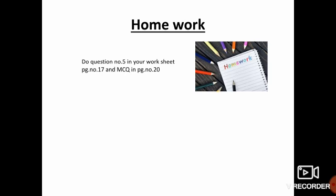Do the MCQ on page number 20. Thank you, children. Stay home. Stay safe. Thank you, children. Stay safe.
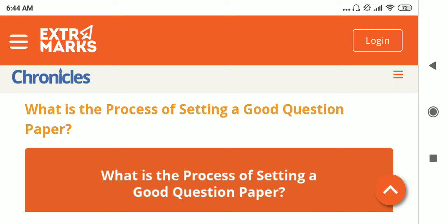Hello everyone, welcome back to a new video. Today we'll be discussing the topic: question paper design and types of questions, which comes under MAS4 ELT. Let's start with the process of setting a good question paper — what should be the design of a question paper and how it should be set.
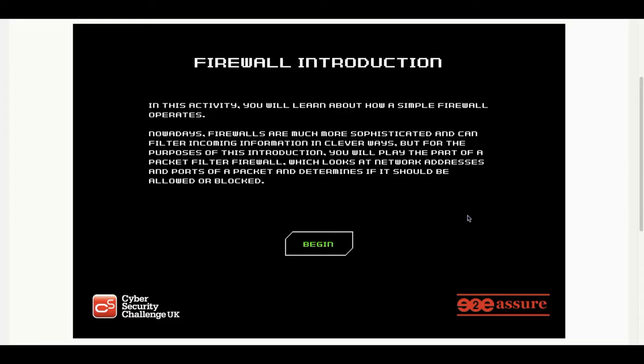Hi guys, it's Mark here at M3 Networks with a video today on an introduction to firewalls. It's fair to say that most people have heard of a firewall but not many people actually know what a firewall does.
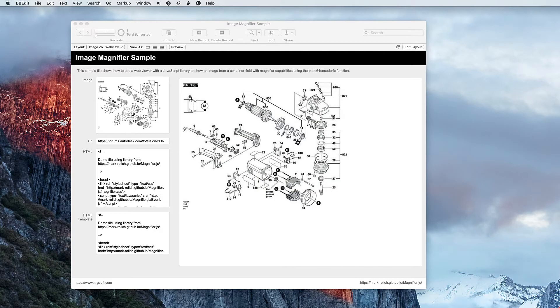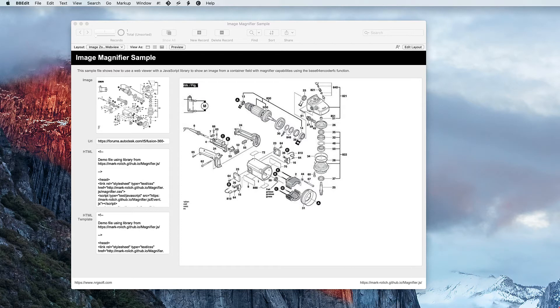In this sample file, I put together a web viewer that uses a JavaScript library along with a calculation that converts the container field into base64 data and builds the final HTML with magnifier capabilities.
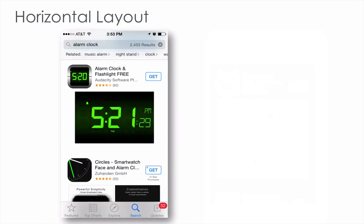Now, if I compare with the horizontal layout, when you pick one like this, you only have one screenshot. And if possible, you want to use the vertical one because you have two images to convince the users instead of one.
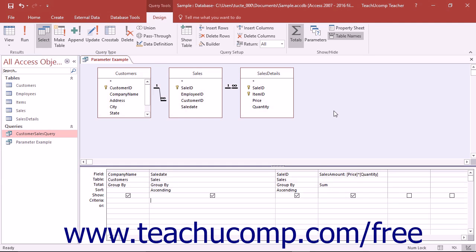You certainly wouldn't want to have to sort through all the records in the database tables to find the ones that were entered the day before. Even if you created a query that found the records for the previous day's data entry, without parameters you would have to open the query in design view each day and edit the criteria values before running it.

★ ★ ★ ★ ★ ★ ★

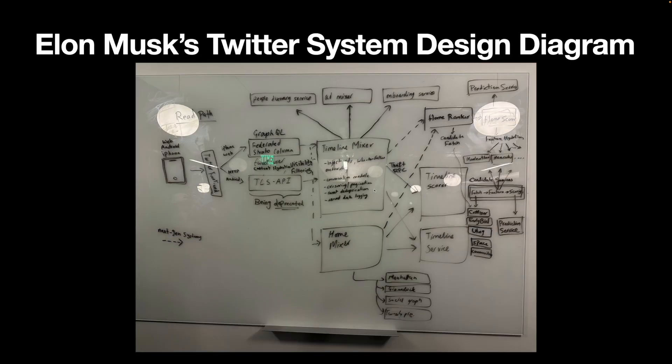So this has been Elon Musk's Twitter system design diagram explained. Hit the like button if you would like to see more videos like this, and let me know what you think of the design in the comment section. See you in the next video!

★ ★ ★ ★ ★ ★ ★

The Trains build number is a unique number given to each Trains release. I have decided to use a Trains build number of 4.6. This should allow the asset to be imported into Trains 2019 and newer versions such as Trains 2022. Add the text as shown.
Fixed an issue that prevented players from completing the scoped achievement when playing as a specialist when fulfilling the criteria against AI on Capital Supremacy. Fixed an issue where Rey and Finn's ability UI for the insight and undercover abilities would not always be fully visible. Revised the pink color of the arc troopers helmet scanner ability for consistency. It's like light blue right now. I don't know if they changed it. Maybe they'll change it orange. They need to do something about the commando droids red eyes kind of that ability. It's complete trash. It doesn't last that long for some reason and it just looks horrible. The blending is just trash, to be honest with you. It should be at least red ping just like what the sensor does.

★ ★ ★ ★ ★ ★ ★

→ **Work to complete**
Only the lines above from the one containing "In this sample" through the one containing "You certainly wouldn't" should be returned, verbatim and inclusive, with pictures excluded.

→ **Answer to this exercise**
In this sample file, I put together a web viewer that uses a JavaScript library along with a calculation that converts the container field into base64 data and builds the final HTML with magnifier capabilities.
Now, if I compare with the horizontal layout, when you pick one like this, you only have one screenshot. And if possible, you want to use the vertical one because you have two images to convince the users instead of one.
You certainly wouldn't want to have to sort through all the records in the database tables to find the ones that were entered the day before. Even if you created a query that found the records for the previous day's data entry, without parameters you would have to open the query in design view each day and edit the criteria values before running it.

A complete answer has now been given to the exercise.